From Xl/L to Medium I wore cycling team kit, I know its not for everyone but it gives me my edge, the reason for me to flight that little bit more each day, I have a jersey to defend, when you honker on up to commute, on a road bike, wearing team kit, everyone thinks your game for being brought down to earth, its my job, to not let anyone pass me on my commute, EVER, that keeps my focus, the weight off and keeps me being a better cyclist every day. BUT as I say, its not for everyone.


I'm always happy to help, I might not always be around, so PM me if there is anything posted you want an answer to, just so I dont miss it.

Check out my blog in my sig, for the before and after pictures....THIS CAN BE DONE, YOU CAN BEAT THIS.

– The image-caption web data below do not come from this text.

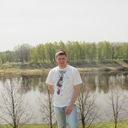 ���������� �����, ���� ������� Yoga, 37 ���, ������������ ��� ������, ����� � ���������, c�������� ���������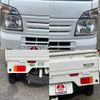 suzuki carry-truck 2018 quick_quick_EBD-DA16T_DA16T-395796 image 5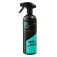 Split second クリーナー 750ml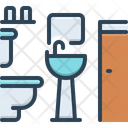 پیش‌نمایش فایل bathroom-12156997 از پک بهداشت و نظافت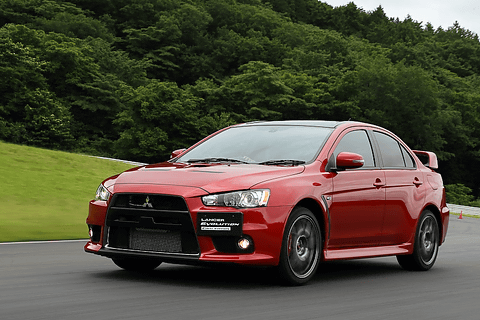 三菱 ランサー ｴﾎﾞﾘｭｰｼｮﾝ10 ﾌｧｲﾅﾙｴﾃﾞｨｼｮﾝ 鳥栖 スポーツカー専門店取り扱い詳細フジカーズジャパン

and most of all DONT EVER GIVE UP, Good Luck and go kill it

Gaz


----------



## gb155 (23 Apr 2012)

leemo said:


> Sirrus is a lovely bike. But I'm not sure it can support your weight -- I seem to remember the manual that comes with the bike has a maximum rider weight so check this out.
> 
> I think a mountain bike with 26 inch wheels might be better. Smaller wheels and wider rim could be stronger than the ones on the sirrus. If you want to go mainly on road do not get suspension and change the knobly tyres for slicks -- about 35mm wide might be a good idea.


 

A strong 700c wheel can and is as strong as a 26" wheel

A weak 26" is weaker than a strong 700c wheel

I used to think the way you did, but its so wrong, its untrue


----------



## gary in derby (23 Apr 2012)

im around he same sort of weight and went for the specialized tricross. i love it is great to ride strong enough and a dam site quicker than my old mtb. so might be worth a look. oh and hi to gb still going mate


----------



## gb155 (23 Apr 2012)

gary in derby said:


> im around he same sort of weight and went for the specialized tricross. i love it is great to ride strong enough and a dam site quicker than my old mtb. so might be worth a look. oh and hi to gb still going mate



Hi mate. how's you?? 

Good shout on the tri


----------



## gary in derby (23 Apr 2012)

not bad, i like it, off to do l2b in june and its all your fault, lol.


----------



## gb155 (23 Apr 2012)

gary in derby said:


> not bad, i like it, off to do l2b in june and its all your fault, lol.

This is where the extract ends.